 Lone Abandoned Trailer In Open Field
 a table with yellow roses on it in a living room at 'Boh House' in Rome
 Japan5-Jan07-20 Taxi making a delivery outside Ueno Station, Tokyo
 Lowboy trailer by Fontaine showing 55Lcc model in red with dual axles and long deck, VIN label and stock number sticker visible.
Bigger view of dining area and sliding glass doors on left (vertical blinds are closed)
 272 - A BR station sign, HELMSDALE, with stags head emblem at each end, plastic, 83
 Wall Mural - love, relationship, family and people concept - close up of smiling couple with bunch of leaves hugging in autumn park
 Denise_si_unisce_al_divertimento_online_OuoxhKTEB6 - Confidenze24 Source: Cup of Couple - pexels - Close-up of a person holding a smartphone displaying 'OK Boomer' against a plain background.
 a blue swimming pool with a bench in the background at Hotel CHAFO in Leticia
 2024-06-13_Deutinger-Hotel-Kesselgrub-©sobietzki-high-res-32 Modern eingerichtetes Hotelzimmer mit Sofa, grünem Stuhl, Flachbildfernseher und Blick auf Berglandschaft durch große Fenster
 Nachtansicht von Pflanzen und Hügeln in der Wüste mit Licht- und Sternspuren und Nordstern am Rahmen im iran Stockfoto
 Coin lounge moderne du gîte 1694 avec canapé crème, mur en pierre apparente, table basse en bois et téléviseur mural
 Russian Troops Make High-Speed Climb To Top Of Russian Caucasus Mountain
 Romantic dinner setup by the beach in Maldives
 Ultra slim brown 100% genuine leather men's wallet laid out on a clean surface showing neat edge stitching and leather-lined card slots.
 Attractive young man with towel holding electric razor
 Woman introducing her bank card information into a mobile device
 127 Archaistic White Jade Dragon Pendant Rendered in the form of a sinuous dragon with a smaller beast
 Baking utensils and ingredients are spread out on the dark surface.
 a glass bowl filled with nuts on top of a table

┄┄┄┄┄┄

_Task objective_
Lines holding the word "table" should be copied from the entries above.

_Written reply_
 a table with yellow roses on it in a living room at 'Boh House' in Rome
 Coin lounge moderne du gîte 1694 avec canapé crème, mur en pierre apparente, table basse en bois et téléviseur mural
 a glass bowl filled with nuts on top of a table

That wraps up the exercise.